Q. The SwiftVets allege that two of John Kerry's Purple Hearts were awarded for injuries sustained from something other than hostile fire, and that furthermore both of these injuries were extraodinarily superficial, and not the sort of injuries typically deserving of a citation. The number of men stating that there was no hostile fire on these occasions greatly exceeds the number of men stating that there was. Do you have a response?

A. I would like to respond to that question with a two-part answer.

Part One. There was hostile enemy fire on both occasions. The sky was so full of bullets and shells that, by Allah, the very sun was blotted from the sky, and the earth shrouded in deathly shadow. Furthermore, John Forbes Kerry's injuries were severe. His head was taken clean off by an RPG fired by the Infidel Cong. It took him three weeks to recover.

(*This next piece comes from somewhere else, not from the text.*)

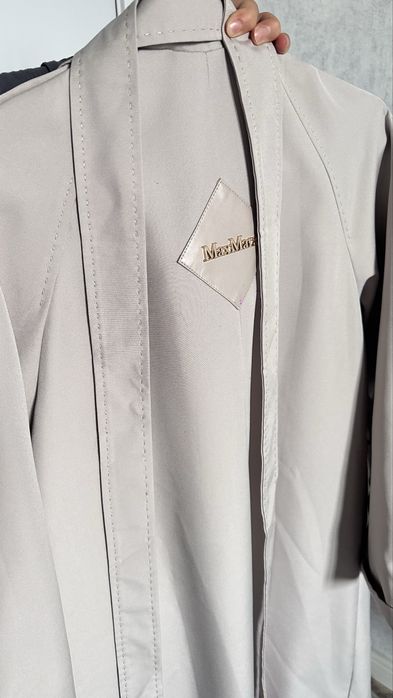 Женский тренч серый Max Mara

Part Two: There are no infidels in Baghdad! None! It is all a concoction of the Zionist entity! By Allah's grace, the entrails of the miscreants will roast in hell for the very blasphemy of this lie!!!

Q. That's non-responsive.

A. No, YOU are non-responsive! You will burn in the fires of the unclean for your impudence.

Q. Thank you for your time.

A. And thank you for your time. If you need a transcript of this interview, I will have it ready for you within the hour. Now, good day to you all.

(as press conference breaks up)

How did I do?

Q. Better than ever. Good to have you back.

A. Thank you very much. I'm just so tickled to be back on CNN.

Oh, and all of your bodies will rot and fester in the graveyards that are the Iraqi deserts. But I think that much is obvious.

Welcome New Readers! This post is getting more links than I expected, so let me do some self-advertisement and direct you to some posts that I think are funnier:

Top Ten Signs of Hip-Hop Influence on John Forbes Kerry. He says he's "fascinated" by hip-hop, you know.

A little strange, but give it a chance: Top Ten Points of Comparison Between John Forbes Kerry and Bigfoot.

And, if you're annoyed by Oliver Willis as much as I am, try taking the Oliver Willis SAT's.

The Backlash Hasn't Begun Quite Yet Update: Kelly tips to this letter to Mark Steyn from a vet who knew Kerry from the VVAW:

I met John Kerry when I became a member of the Vietnam Veterans Against the War in 1971. If I were running for office, I might be tempted to say that I joined the WAW because I was opposed to the war. The truth was less noble. I was broke, their offices were a convenient crash pad and you could meet a hell of lot of loose women by going to demonstrations as a “Vet”.

...

John was clearly on the make, but he was also a classic preppy mook. He wanted so much to be one of the people like Scott Camille who had been “stone killers” but after a few minutes of talking to him it was clear that he was one of the guys who never knew where the fire was coming from even when the enemy were using tracers.

...I missed what would have been my one and only purple heart by deciding to get a cup of coffee about 30 seconds before an RPG cut through the outer bulkhead on the O-1 level of my LST and turned the mattress I been lying on into confetti. (Mr. Roberts in reverse; ever since then, I have never turned down an opportunity for caffeine).

John’s only replay was something along the lines of “Man, it was hell.” I doubt it. There were few safer places to be in Viet-Nam than the Mekong after Tet. The VC had been pretty much wiped out, and the NVA never made any serious attempts to use the rivers.

What I do not doubt is that John successfully gamed the system to get his 3 purples and his quick ticket home. I suppose I should be bitter about it, but life is too short; and you have to look at it from the point of view of his fellow sailors. The ones who knew what they were doing also knew that a guy that arrogantly dumb was a menace. He could get you killed. Better to ship him home.

John’s current stature as a “war hero” is a measure of how few Americans - even those of the “Greatest Generation” – have ever seen the sharp end of war.